Today marks the end of the first quarter, and what a quarter of action it’s been in the financial markets. We kicked off the year with a continuation of the buying we saw in December, but by mid-January, stocks began retreating. The decline lasted only until the first week of February, however, and since then, stocks have been on a run that’s taken them to new 52-week highs.

So, now that the quarter is over, let’s take a look at our “four horsemen of the markets,” i.e., the four major market indicators that I like to look at to get a sense of where the key action is taking place.
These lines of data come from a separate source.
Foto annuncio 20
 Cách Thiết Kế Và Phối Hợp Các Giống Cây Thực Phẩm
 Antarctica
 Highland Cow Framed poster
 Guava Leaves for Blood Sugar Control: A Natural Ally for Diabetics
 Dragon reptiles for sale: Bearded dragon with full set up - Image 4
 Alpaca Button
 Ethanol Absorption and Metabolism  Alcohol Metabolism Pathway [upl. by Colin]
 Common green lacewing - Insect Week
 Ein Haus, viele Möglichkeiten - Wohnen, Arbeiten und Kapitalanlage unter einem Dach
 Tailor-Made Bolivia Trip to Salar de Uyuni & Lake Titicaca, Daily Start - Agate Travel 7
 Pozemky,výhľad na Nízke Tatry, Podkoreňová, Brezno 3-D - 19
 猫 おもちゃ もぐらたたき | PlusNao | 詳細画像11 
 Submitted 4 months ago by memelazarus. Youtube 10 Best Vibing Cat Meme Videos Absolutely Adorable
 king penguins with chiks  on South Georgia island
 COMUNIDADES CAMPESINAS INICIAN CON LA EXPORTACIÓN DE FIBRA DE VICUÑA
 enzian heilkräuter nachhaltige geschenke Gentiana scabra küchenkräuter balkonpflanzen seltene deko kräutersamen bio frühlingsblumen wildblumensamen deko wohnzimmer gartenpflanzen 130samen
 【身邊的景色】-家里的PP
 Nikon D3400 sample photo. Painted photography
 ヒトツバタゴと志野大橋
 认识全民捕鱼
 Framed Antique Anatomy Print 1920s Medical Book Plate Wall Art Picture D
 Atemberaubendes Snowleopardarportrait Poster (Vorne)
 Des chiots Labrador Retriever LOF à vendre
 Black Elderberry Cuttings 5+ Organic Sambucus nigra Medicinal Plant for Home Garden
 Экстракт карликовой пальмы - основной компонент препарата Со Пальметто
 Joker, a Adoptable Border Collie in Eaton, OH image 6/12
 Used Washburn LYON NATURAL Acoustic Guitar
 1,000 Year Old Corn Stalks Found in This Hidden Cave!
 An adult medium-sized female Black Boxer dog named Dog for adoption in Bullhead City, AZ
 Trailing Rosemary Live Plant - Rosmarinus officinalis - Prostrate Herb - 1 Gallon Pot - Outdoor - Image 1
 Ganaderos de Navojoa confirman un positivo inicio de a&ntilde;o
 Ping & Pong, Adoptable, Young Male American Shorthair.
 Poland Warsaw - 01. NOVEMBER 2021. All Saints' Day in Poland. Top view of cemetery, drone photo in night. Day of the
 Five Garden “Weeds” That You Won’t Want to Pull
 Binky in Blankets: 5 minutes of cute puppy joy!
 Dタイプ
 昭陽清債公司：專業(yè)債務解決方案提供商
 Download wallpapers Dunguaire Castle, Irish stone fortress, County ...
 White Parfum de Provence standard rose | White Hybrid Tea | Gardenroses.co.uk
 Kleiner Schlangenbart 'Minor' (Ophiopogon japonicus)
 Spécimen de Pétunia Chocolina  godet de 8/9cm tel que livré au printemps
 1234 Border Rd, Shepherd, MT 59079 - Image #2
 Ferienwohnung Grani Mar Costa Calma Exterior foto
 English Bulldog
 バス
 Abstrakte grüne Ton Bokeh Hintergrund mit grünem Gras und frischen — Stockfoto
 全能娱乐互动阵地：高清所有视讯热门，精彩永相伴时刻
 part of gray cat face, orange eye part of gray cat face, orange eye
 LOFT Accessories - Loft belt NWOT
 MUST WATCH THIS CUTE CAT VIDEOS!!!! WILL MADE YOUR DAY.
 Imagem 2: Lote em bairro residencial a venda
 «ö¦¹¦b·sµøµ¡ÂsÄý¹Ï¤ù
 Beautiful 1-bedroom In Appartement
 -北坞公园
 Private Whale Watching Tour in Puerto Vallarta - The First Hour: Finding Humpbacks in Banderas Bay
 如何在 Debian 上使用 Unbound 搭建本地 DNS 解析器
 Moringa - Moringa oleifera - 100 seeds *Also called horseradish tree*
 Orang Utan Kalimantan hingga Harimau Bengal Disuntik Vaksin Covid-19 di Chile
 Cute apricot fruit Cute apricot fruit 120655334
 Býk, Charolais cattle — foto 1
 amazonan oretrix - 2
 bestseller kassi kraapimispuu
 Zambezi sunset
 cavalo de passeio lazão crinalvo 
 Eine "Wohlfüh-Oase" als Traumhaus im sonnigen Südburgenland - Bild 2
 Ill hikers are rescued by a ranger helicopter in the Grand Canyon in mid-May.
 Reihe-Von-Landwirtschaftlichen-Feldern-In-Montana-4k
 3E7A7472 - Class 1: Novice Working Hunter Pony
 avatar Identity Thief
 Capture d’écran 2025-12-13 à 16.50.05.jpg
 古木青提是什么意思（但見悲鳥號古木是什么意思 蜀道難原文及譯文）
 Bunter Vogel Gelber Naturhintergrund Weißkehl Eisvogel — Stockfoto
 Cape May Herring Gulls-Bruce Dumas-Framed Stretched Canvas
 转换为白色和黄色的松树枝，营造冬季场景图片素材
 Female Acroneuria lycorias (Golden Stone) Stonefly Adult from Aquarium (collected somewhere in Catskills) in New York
First off, we have the S&P 500 Index (SPX). As you can see, this broad-based measure of the U.S. equity market clearly shows the bullish action we’ve seen in stocks so far this year. Given the big gains we’ve seen in stocks since February, I remain skeptical about how much further we can climb. Right now, the risk in this segment is extremely high, and thus, you should approach buying into this market with extreme caution.

The second horseman to watch is long-term interest rates, i.e., long-term Treasury bond yields (TYX). As you can see via the chart below, yields now have climbed to their highest levels of the year. Although bond yields still are relatively low by historical standards, you have to think that with a debt of some $12 trillion to grapple with, that the big concern on the horizon is further increases in long-term Treasury yields. 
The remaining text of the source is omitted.